» Aim of the exercise
Every record must appear in your copy exactly as written, with no pictures.

· · · · ·

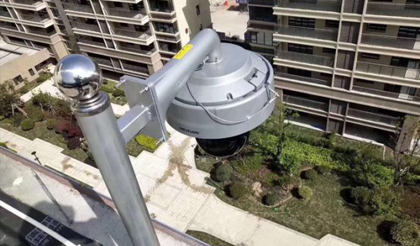 2020年呼和浩特机场过渡期改造工程—弱电工程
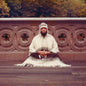 Laraaji - Segue To Infinity (Blk) (Blue) [Colored Vinyl] (Grn) [With Booklet]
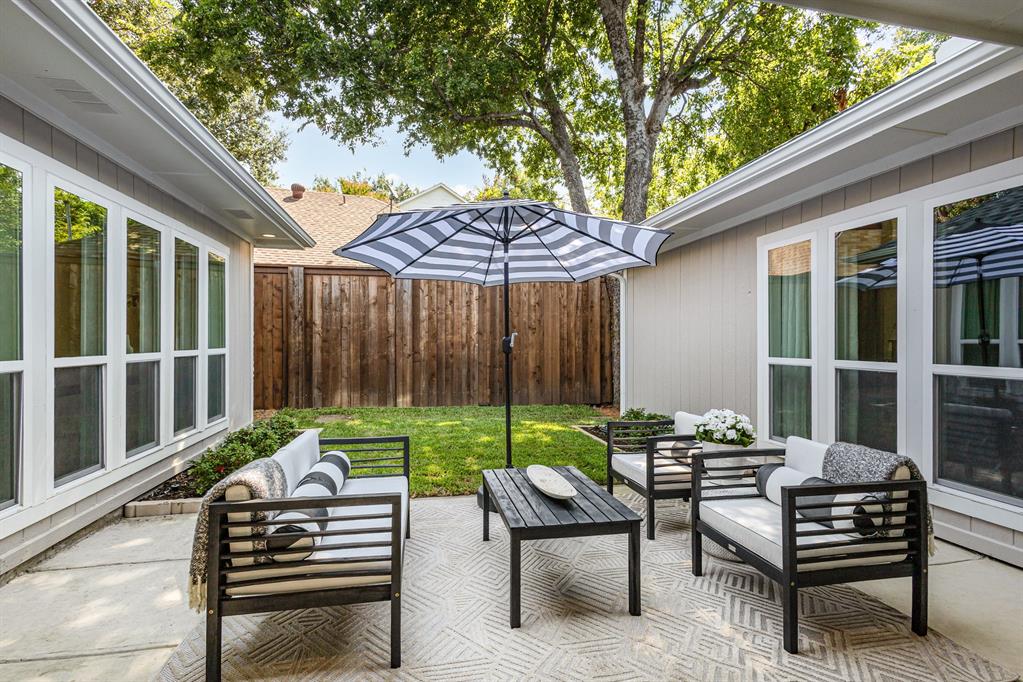 Country Club Estates - Residential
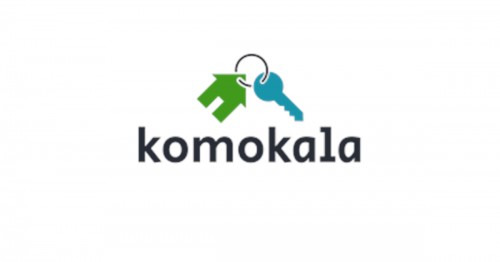 komokala.com Image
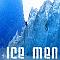 Avatar ICE MEN
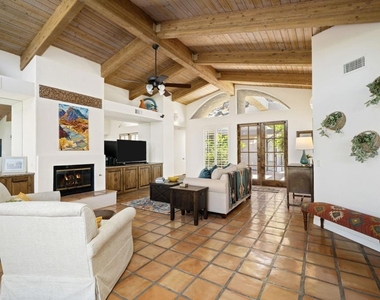 78560 Arapahoe Drive - Photo Thumbnail 6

· · · · ·

» Exercise response
 2020年呼和浩特机场过渡期改造工程—弱电工程
 Laraaji - Segue To Infinity (Blk) (Blue) [Colored Vinyl] (Grn) [With Booklet]
 Country Club Estates - Residential
 komokala.com Image
 Avatar ICE MEN
 78560 Arapahoe Drive - Photo Thumbnail 6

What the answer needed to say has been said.